In his foreword to the book, Archbishop Tutu writes: “I have spent my life fighting discrimination and injustice, whether the victims are blacks, women, or gays and lesbians. No human being should be the target of prejudice or the object of vilification or be denied his or her basic rights.
“But there are other issues of justice – not only for human beings but also for the world’s other sentient creatures. The matter of the abuse and cruelty we inflict on other animals has to fight for our attention in what sometimes seems an already overfull moral agenda. It is vital, however, that these instances of injustice not be overlooked.
“I have seen firsthand how injustice gets overlooked when the victims are powerless or vulnerable, when they have no one to speak up for them and no means of representing themselves to a higher authority. Animals are in precisely that position. Unless we are mindful of their interests and speak out loudly on their behalf, abuse and cruelty go unchallenged.
“It is a kind of theological folly to suppose that God has made the entire world just for human beings, or to suppose that God is interested in only one of the millions of species that inhabit God’s good earth.

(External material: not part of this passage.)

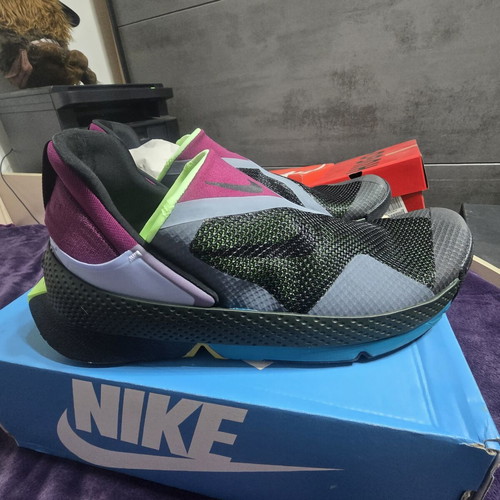 Nike GO FlyEase sneakers size 42.5, multicolor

“Our dominion over animals is not supposed to be despotism. We are made in the image of God, yes, but God – in whose image we are made – is holy, loving, and just. We do not honour God by abusing other sentient creatures.
"If it is true that we are the most exalted species in creation, it is equally true that we can be the most debased and sinful. This realisation should give us pause ... There is something Christ-like about caring for suffering creatures, whether they are humans or animals,” he concludes.
Dr Tutu is Archbishop Emeritus of Cape Town. He won the Nobel Peace Prize for his anti-apartheid work.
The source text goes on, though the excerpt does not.